The system is rigged for the rich to have disproprtionate influenc, by making money the 'mother's milk of politics' as Jesse Unruh said, because the can and do donate more.
So, the system results in a small group who provide the money having a dominant influence, the opposite of democracy.
This is why I've quoted a saying, "Politicians have to LOOK good for voters, and DO good for donors."
It's not that the politicians are total sellouts in most cases, but more that the ones whose views just happen to align with the donors get elected.
You have three main choices:
- Don't donate, and get lip service ("Thank you for your letter, Mr. Citizen.")
- Donate, and if the public more broadly did this they could turn it around. They won't.

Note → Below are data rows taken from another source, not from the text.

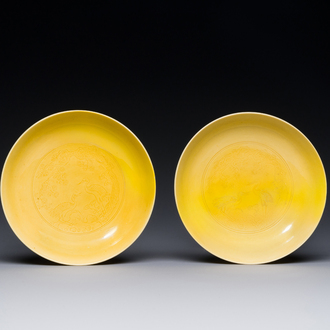 A pair of Chinese monochrome yellow-glazed saucers with incised designs of pine and cranes, Yongzheng mark and of the period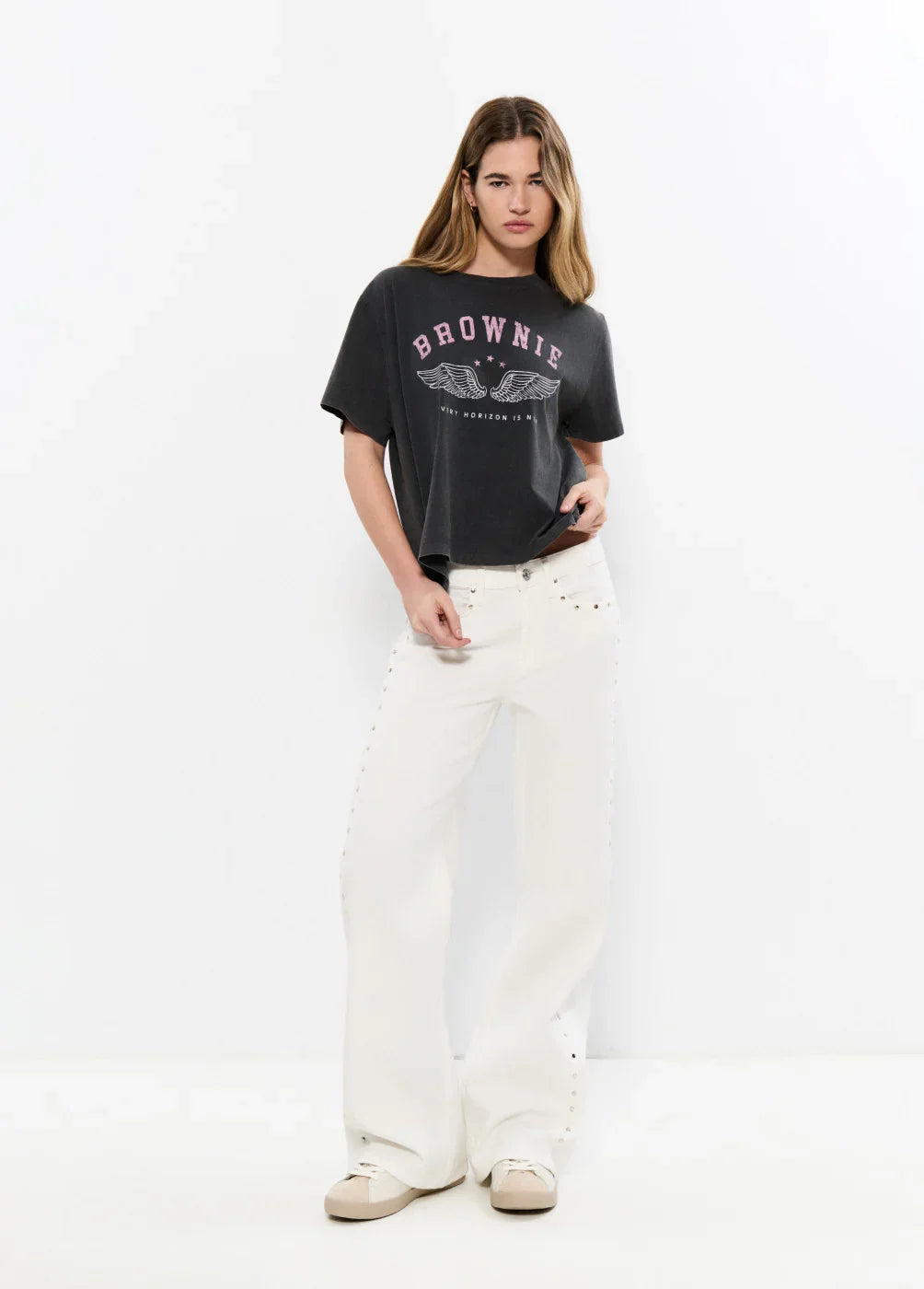 אישה לובשת חולצת טי שחורה עם כיתוב BROWNIE ומכנסיים לבנים רחבים, סטודיו מינימליסטי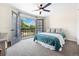 Bedroom with French doors to an outdoor balcony at 7591 S Reed Ct, Littleton, CO 80128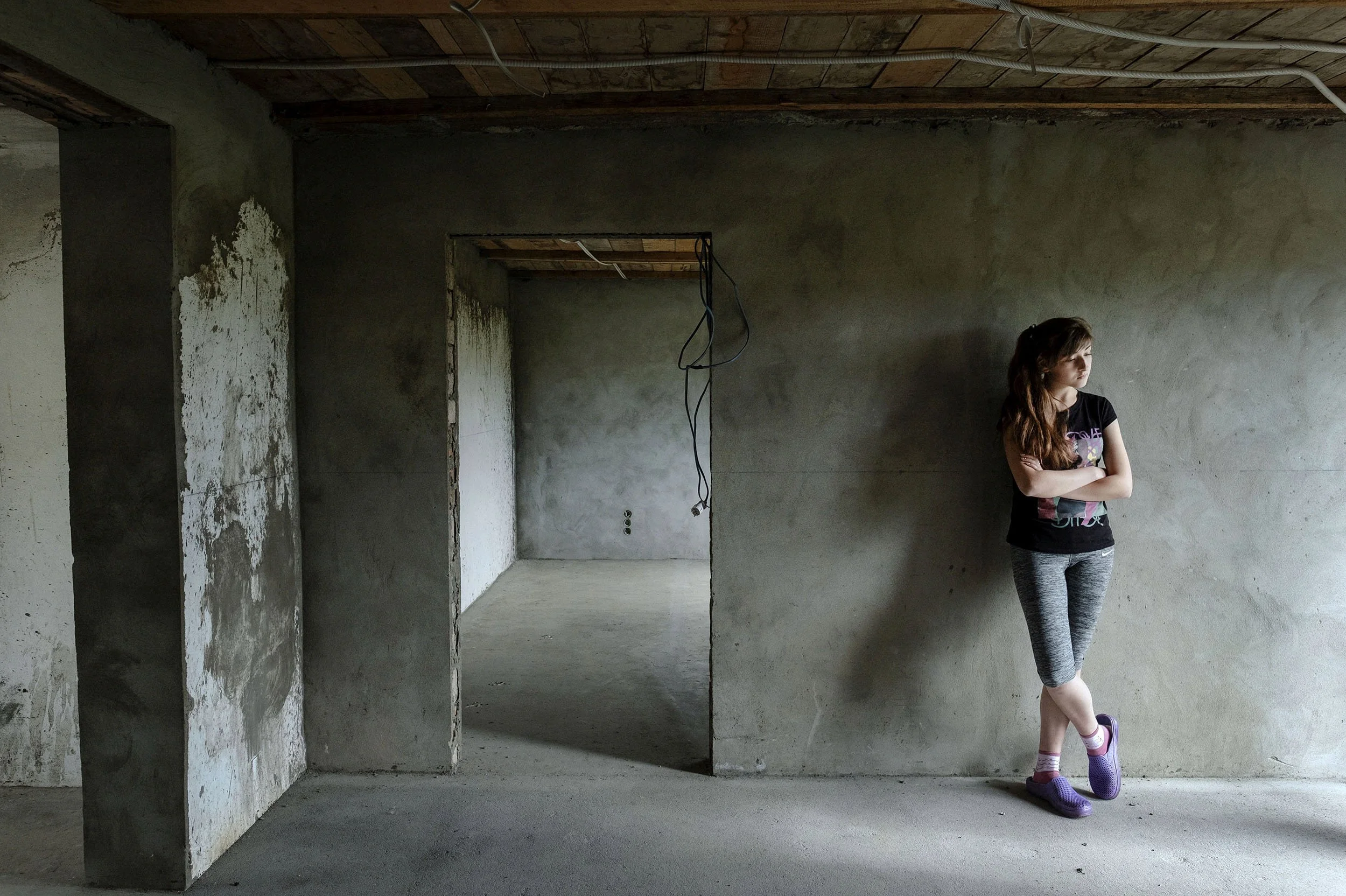 A girl waits for her mother, who has been working in Southern Italy for years, in the house they building but still haven’t completed due to a lack of money. Bobivtsi, Ukraine.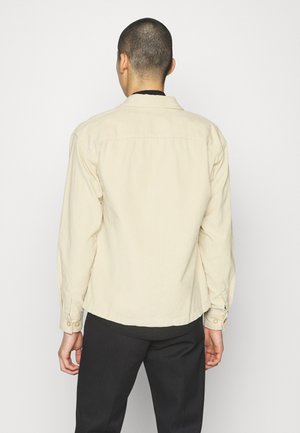 Mann mit kurzen Haaren, der ein beiges Langarmhemd und schwarze Hosen trägt und mit dem Rücken zu einer schlichten Hintergrund steht.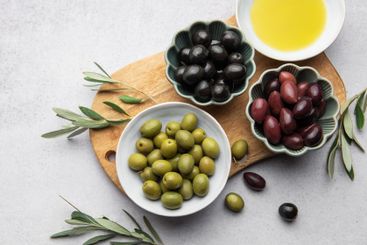 Variety of olives, olive oil, and olive branches served...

- Fix the system to block money - which comes from a few - from dominating who gets elected.
Sorry, but a well-funded toad tends to get elected over a poorly funded prince. That's the effect of the powerful advertising industry - which makes billions from political ads.
Campaign finance reform wants to change the rules that got the people in office elected. Think it might be an uphill battle?
But until it's passed, the system is changed, you as a citizen can and should donate, because if more citizens did, the government would serve them, not the narror interests.
The citizen who holds their nose up and says they won't donate is doing just what the special interests want them to do - leave the narror interests with the influence.
Look at Bernie Sanders, a politician who refuses corporate donations, for an example of what a politician can do when freed of the need for corporate money.